If you've read the news lately, you might have heard Glenn Beck has been discussing Google. And while some have incorrectly reported that he is advocating a boycott of the company, the truth is he's actually skeptical of the company's government connections and two of its executive's involvement in the Egyptian revolution. It seems Russia might agree.

In an interview with the Wall Street Journal, and reported by Reuters, Prime Minister Vladimir Putin's deputy blamed Google for stirring up trouble in Egypt.

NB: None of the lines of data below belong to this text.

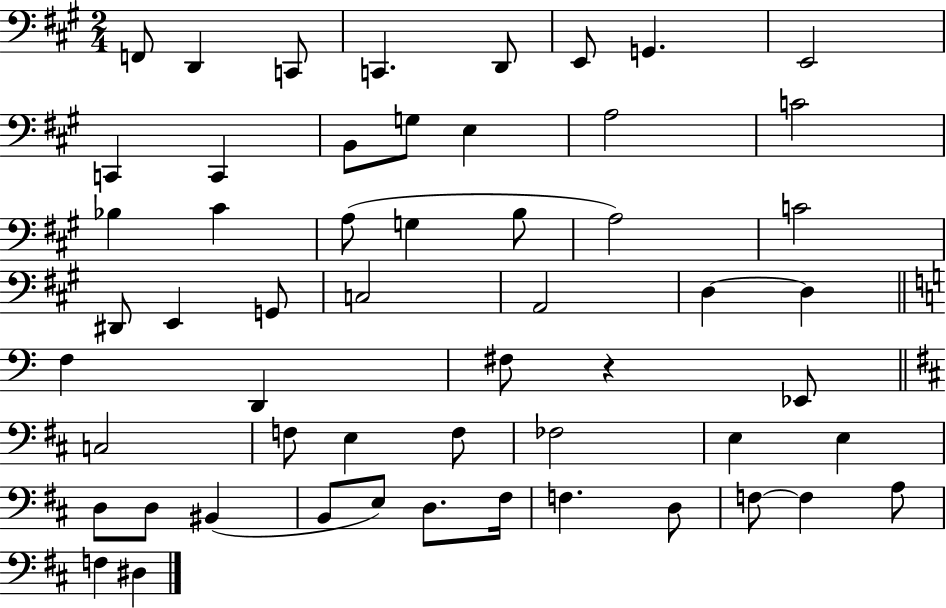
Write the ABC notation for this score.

X:1
T:Untitled
M:2/4
L:1/4
K:A
F,,/2 D,, C,,/2 C,, D,,/2 E,,/2 G,, E,,2 C,, C,, B,,/2 G,/2 E, A,2 C2 _B, ^C A,/2 G, B,/2 A,2 C2 ^D,,/2 E,, G,,/2 C,2 A,,2 D, D, F, D,, ^F,/2 z _E,,/2 C,2 F,/2 E, F,/2 _F,2 E, E, D,/2 D,/2 ^B,, B,,/2 E,/2 D,/2 ^F,/4 F, D,/2 F,/2 F, A,/2 F, ^D, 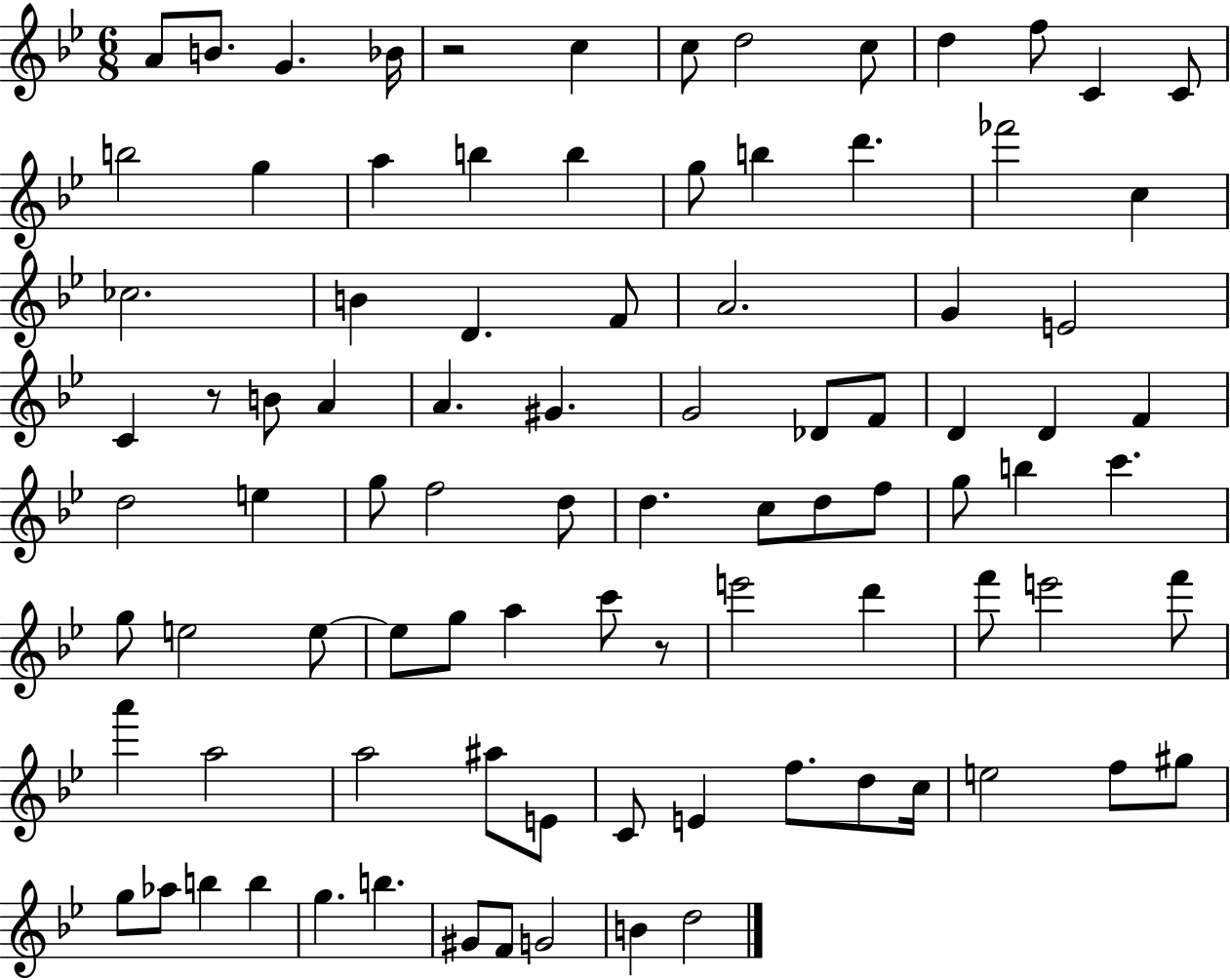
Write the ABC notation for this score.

X:1
T:Untitled
M:6/8
L:1/4
K:Bb
A/2 B/2 G _B/4 z2 c c/2 d2 c/2 d f/2 C C/2 b2 g a b b g/2 b d' _f'2 c _c2 B D F/2 A2 G E2 C z/2 B/2 A A ^G G2 _D/2 F/2 D D F d2 e g/2 f2 d/2 d c/2 d/2 f/2 g/2 b c' g/2 e2 e/2 e/2 g/2 a c'/2 z/2 e'2 d' f'/2 e'2 f'/2 a' a2 a2 ^a/2 E/2 C/2 E f/2 d/2 c/4 e2 f/2 ^g/2 g/2 _a/2 b b g b ^G/2 F/2 G2 B d2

"Look what they have done in Egypt, those highly-placed managers of Google, what manipulations of the energy of the people took place there," Russian Deputy Prime Minister Igor Sechin reportedly told the Wall Street Journal.

Reuters concludes:

Such strong comment from one of Putin's most trusted deputies is a clear signal of growing concern among Russian hardliners about the role of the Internet in the unrest which has swept across the Arab world.

Sechin gave no further details on his concerns. Google executive, Wael Ghonim, became an unlikely hero of the uprising in Egypt which led to Mubarak's deposition.

In contrast to state television, Russia's Internet is remarkably free and the home to often scathing criticism of Putin, President Dmitry Medvedev and the entire Russian elite.

On Tuesday, Russian President Dmitry Medvedev predicted that unrest in the Middle East could grow.

"These states are difficult, and it is quite probable that hard times are ahead, including the arrival at power of fanatics. This will mean fires for decades and the spread of extremism," Medvedev said in televised comments.